---------- Records shown ----------

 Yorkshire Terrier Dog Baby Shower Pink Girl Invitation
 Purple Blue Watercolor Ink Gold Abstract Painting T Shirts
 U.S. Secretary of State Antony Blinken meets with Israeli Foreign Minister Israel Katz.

----------
---------- Records shown ----------

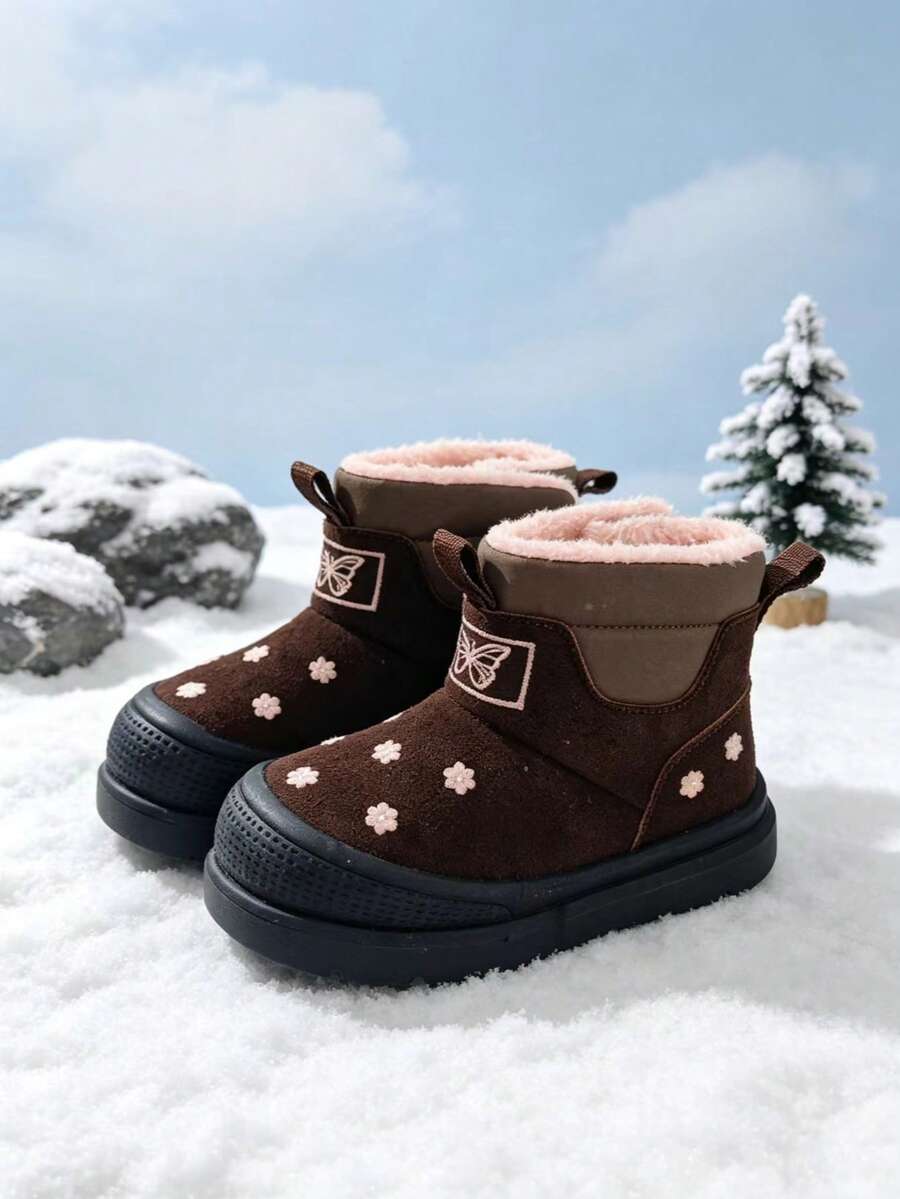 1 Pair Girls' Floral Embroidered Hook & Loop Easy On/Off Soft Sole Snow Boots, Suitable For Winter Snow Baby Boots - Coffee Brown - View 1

----------

Task instructions:
In the entries above, restate word for word the lines between the one holding "Yorkshire Terrier Dog" and the one holding "U.S. Secretary of", inclusive, and nothing besides.

Written solution:
 Yorkshire Terrier Dog Baby Shower Pink Girl Invitation
 Purple Blue Watercolor Ink Gold Abstract Painting T Shirts
 U.S. Secretary of State Antony Blinken meets with Israeli Foreign Minister Israel Katz.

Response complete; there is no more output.